More evidence that it is not a benefit to society:
ReplyDeletehttp://www.relevantmagazine.com/reject-apathy/loss-innocents/justice-side-porn
This really ought to be common understanding. Making products/services illegal generally does little or nothing to eradicate them. Rather, doing so generally drives them into a black market and makes them higher risk, more expensive/lucrative, and actually *creates* criminals. Similar is true, at least some/most of the time, with the "it's immoral" approach. Shame or guilt does little or nothing to eradicate the immoral behavior and can actually add to the allure of the "forbidden fruit".
ReplyDeleteI see porn use as *very* much *like* or *actually* (potentially) an addiction-type issue. It falls neatly into that category of things represented by Turkish Delight in C.S. Lewis' Narnia work. Along the same lines, it fits the paradox of hedonism to a tee. Some is pleasant, more is worse (pleasant but less effective,) and too much is never enough. With porn it can look like this: Just a little peek at something naughty but exciting with the "getting away with something sneaky that mom and dad (or the people at church) wouldn't approve of" thrill attached.

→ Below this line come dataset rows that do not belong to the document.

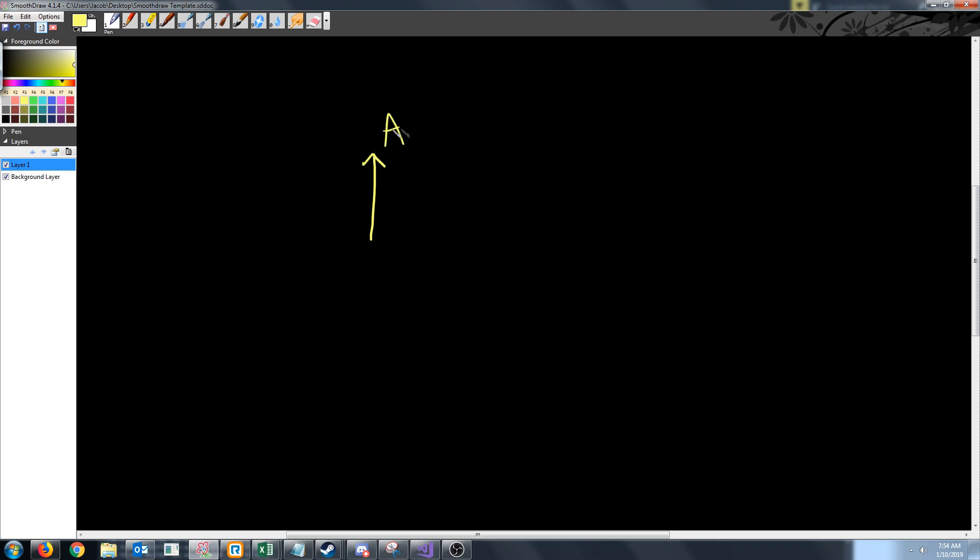We will be needing to use the dot product for our lighting calculations. So first let's assume that we have two normalized vectors, vector A and vector B. Keep in mind if your vector isn't normalized you can always just normalize it. When we say normalized we mean that these both have a length of one.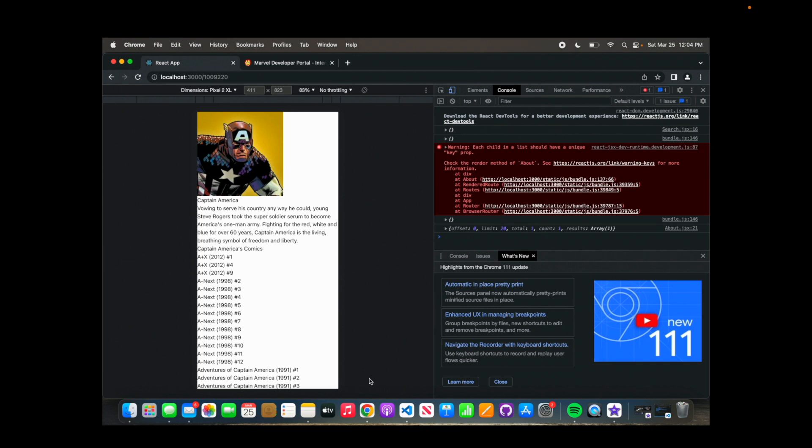Welcome back. In this part, we're going to be working more on the CSS portion and making everything look very similar to how I had it in the reference — the one I showed you that I created earlier.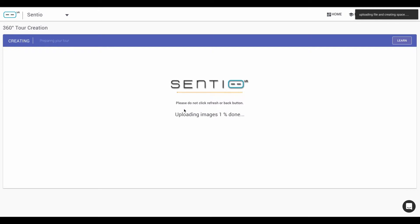Centio starts stitching your images and creating your tour, depending on the file size.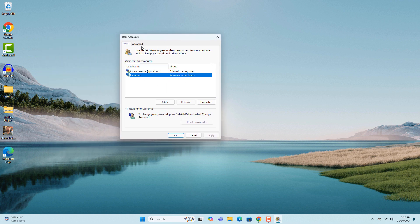From here there should be a checkbox called 'users must enter a username and password to use this computer,' but as you can see that checkbox is missing for me.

Then it fails to satisfy or excite as it did, then on to more extreme stuff, etc. You know the drill.
I'll state the following as fact(s) and we can refine or argue about it later.
Speaking in terms of "straight" porn for now:
Men need to *understand*: Self-pleasure via porn is NOT just "naughty", it's toxic. Seeking pleasure for its own sake, as an end in itself, is always toxic. It's SO much like refined, white powders such as table sugar, cocaine, etc. In natural form (sugar cane, coca leaves,) there's good stuff there -- and not so much danger. But with the "purifying" comes an exaggerated impact of the thing in its natural form -- and the nutrients are stripped away.
Porn is like that. Men *need* to be respected and admired by their women. Porn gives the thrill or pleasure of sex without the needed "nutrients" that only exist in real relationship with real women.
This is the nexus: "All is nexus." ~Alfred North Whitehead (Nexus=connection/relationship)
Existence itself IS relationship (Trinity). When men seek pleasure via porn they are actually working *against* their own happiness/well being/existence.
The key for men is to understand what they *really* want -- what will *really* serve their happiness (well-being). It's like what someone called "divine discontent" - that condition that gets people thinking, "There's GOT to be more to life than just THIS!"
I suppose that's what Jesus called the "good heart" in His explanation of the parable of the seeds.
Oh man!
ReplyDelete"The key for men is to understand what they *really* want -- what will *really* serve their happiness (well-being). It's like what someone called "divine discontent" - that condition that gets people thinking, "There's GOT to be more to life than just THIS!"
I suppose that's what Jesus called the "good heart" in His explanation of the parable of the seeds."
Let's consider that one!!! I'll mull it over and replace this lame comment later with something more thoughtful. But thanks brother, for challenging me!